RE: [PATCH] drm/amdgpu/mes: fix mes12 to map legacy queue

"Zhang, Hawking" <Hawking.Zhang@xxxxxxx> · Thu, 9 May 2024 07:20:58 +0000

[AMD Official Use Only - General]

Let's use dev_err that is more helpful in multiple-GPU use scenario when there are errors. Other than that, the patch is

Reviewed-by: Hawking Zhang <Hawking.Zhang@xxxxxxx>

Regards,
Hawking

-----Original Message-----
From: Xiao, Jack <Jack.Xiao@xxxxxxx>
Sent: Thursday, May 9, 2024 14:47
To: amd-gfx@xxxxxxxxxxxxxxxxxxxxx; Deucher, Alexander <Alexander.Deucher@xxxxxxx>; Zhang, Hawking <Hawking.Zhang@xxxxxxx>; Min, Frank <Frank.Min@xxxxxxx>; Gao, Likun <Likun.Gao@xxxxxxx>
Cc: Xiao, Jack <Jack.Xiao@xxxxxxx>
Subject: [PATCH] drm/amdgpu/mes: fix mes12 to map legacy queue

Adjust mes12 initialization sequence to fix mapping legacy queue.

Signed-off-by: Jack Xiao <Jack.Xiao@xxxxxxx>
---
 drivers/gpu/drm/amd/amdgpu/amdgpu_gfx.c | 71 ++++++++++++++++---------  drivers/gpu/drm/amd/amdgpu/mes_v12_0.c  | 10 ++--
 2 files changed, 53 insertions(+), 28 deletions(-)

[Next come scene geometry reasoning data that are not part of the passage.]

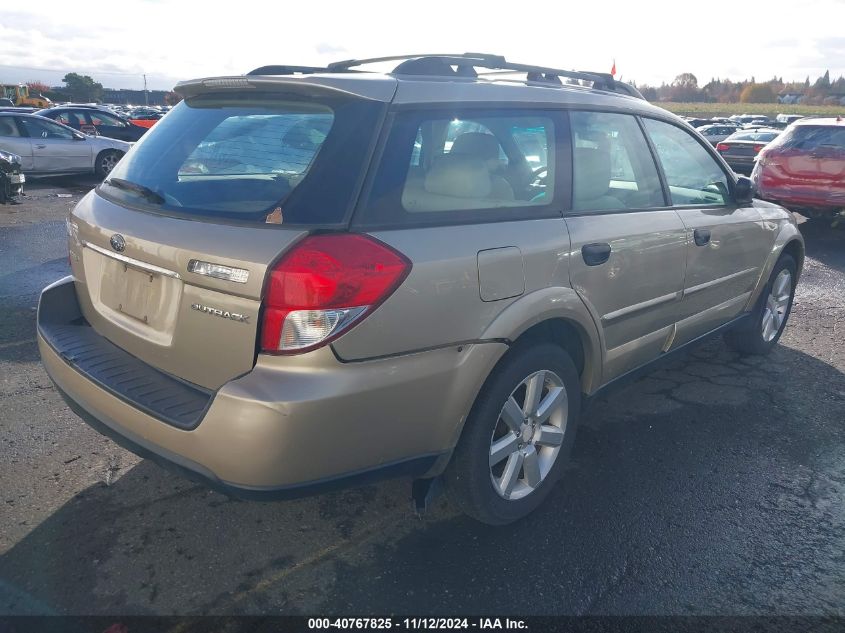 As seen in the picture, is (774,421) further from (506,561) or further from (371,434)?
(371,434)

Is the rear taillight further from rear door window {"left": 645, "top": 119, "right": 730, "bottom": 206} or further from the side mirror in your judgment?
the side mirror

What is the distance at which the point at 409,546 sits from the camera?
2773 mm

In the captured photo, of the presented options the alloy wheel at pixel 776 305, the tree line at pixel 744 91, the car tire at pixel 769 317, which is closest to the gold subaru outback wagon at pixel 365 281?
the car tire at pixel 769 317

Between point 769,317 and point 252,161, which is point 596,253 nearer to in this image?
point 252,161

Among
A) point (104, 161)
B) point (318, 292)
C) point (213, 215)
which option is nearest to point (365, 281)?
point (318, 292)

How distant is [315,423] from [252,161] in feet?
3.66

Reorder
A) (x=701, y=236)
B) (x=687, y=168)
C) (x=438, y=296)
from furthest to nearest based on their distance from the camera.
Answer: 1. (x=687, y=168)
2. (x=701, y=236)
3. (x=438, y=296)

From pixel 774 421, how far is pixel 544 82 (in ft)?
7.86

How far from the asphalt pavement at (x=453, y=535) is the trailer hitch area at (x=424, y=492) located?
9.1 inches

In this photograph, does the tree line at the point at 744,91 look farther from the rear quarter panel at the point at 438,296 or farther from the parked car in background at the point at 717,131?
the rear quarter panel at the point at 438,296

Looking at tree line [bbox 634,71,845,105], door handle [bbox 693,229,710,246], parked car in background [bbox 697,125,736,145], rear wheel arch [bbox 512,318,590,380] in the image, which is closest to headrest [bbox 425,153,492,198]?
rear wheel arch [bbox 512,318,590,380]

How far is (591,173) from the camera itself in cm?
320

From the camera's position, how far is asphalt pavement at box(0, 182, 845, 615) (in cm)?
248

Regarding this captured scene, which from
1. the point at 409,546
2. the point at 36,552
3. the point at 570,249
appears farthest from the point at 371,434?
the point at 36,552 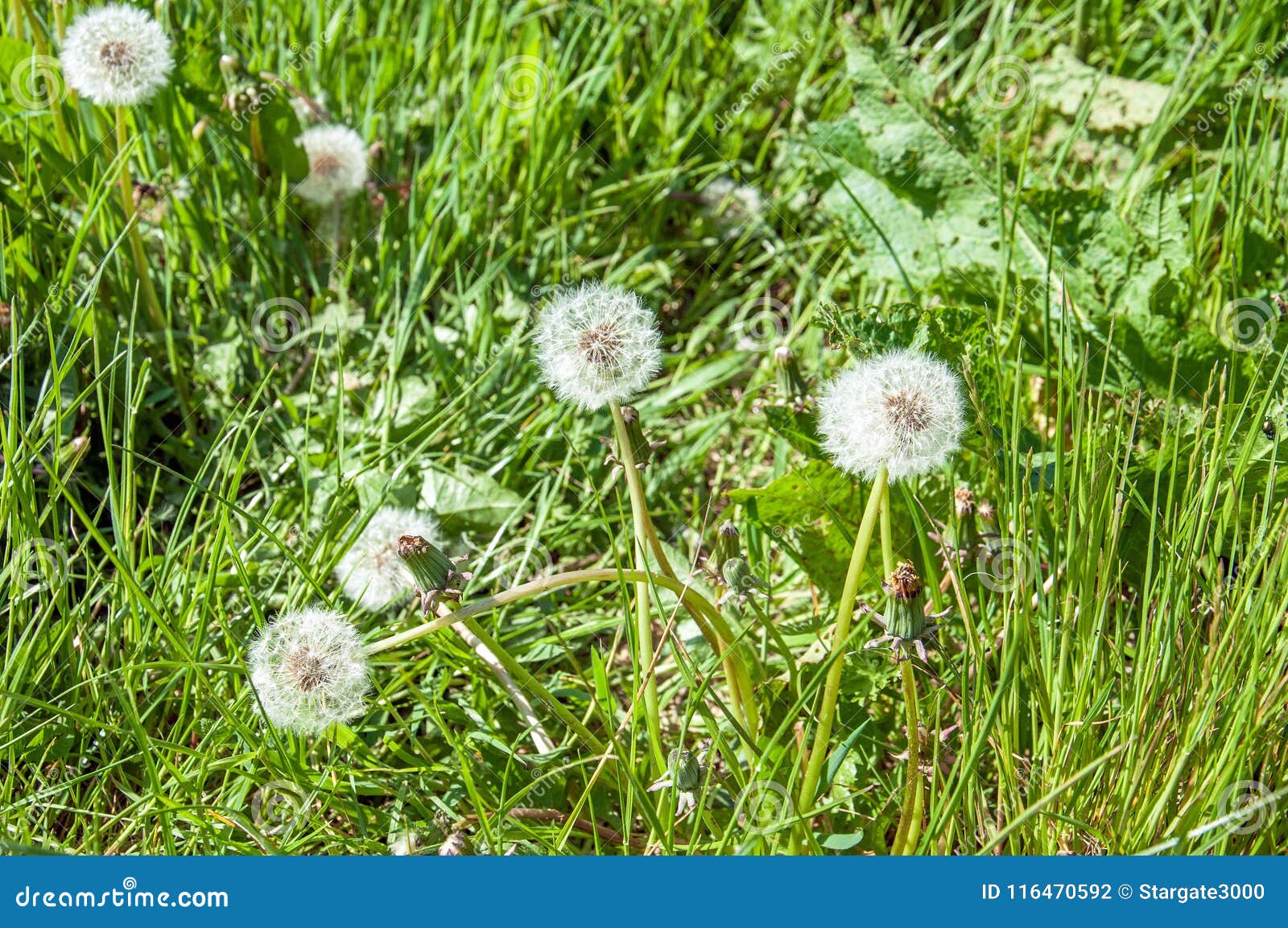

diff --git a/drivers/gpu/drm/amd/amdgpu/amdgpu_gfx.c b/drivers/gpu/drm/amd/amdgpu/amdgpu_gfx.c
index ca90d6b577c8..a2696c215899 100644
--- a/drivers/gpu/drm/amd/amdgpu/amdgpu_gfx.c
+++ b/drivers/gpu/drm/amd/amdgpu/amdgpu_gfx.c
@@ -599,6 +599,44 @@ int amdgpu_queue_mask_bit_to_set_resource_bit(struct amdgpu_device *adev,
        return set_resource_bit;
 }

+static int amdgpu_gfx_mes_enable_kcq(struct amdgpu_device *adev, int
+xcc_id) {
+       struct amdgpu_kiq *kiq = &adev->gfx.kiq[xcc_id];
+       struct amdgpu_ring *kiq_ring = &kiq->ring;
+       uint64_t queue_mask = ~0ULL;
+       int r, i, j;
+
+       amdgpu_device_flush_hdp(adev, NULL);
+
+       if (!adev->enable_uni_mes) {
+               spin_lock(&kiq->ring_lock);
+               r = amdgpu_ring_alloc(kiq_ring, kiq->pmf->set_resources_size);
+               if (r) {
+                       DRM_ERROR("Failed to lock KIQ (%d).\n", r);
+                       spin_unlock(&kiq->ring_lock);
+                       return r;
+               }
+
+               kiq->pmf->kiq_set_resources(kiq_ring, queue_mask);
+               r = amdgpu_ring_test_helper(kiq_ring);
+               spin_unlock(&kiq->ring_lock);
+               if (r)
+                       DRM_ERROR("KIQ failed to set resources\n");
+       }
+
+       for (i = 0; i < adev->gfx.num_compute_rings; i++) {
+               j = i + xcc_id * adev->gfx.num_compute_rings;
+               r = amdgpu_mes_map_legacy_queue(adev,
+                                               &adev->gfx.compute_ring[j]);
+               if (r) {
+                       DRM_ERROR("failed to map compute queue\n");
+                       return r;
+               }
+       }
+
+       return 0;
+}
+
 int amdgpu_gfx_enable_kcq(struct amdgpu_device *adev, int xcc_id)  {
        struct amdgpu_kiq *kiq = &adev->gfx.kiq[xcc_id]; @@ -606,6 +644,9 @@ int amdgpu_gfx_enable_kcq(struct amdgpu_device *adev, int xcc_id)
        uint64_t queue_mask = 0;
        int r, i, j;

+       if (adev->enable_mes)
+               return amdgpu_gfx_mes_enable_kcq(adev, xcc_id);
+
        if (!kiq->pmf || !kiq->pmf->kiq_map_queues || !kiq->pmf->kiq_set_resources)
                return -EINVAL;

@@ -626,9 +667,6 @@ int amdgpu_gfx_enable_kcq(struct amdgpu_device *adev, int xcc_id)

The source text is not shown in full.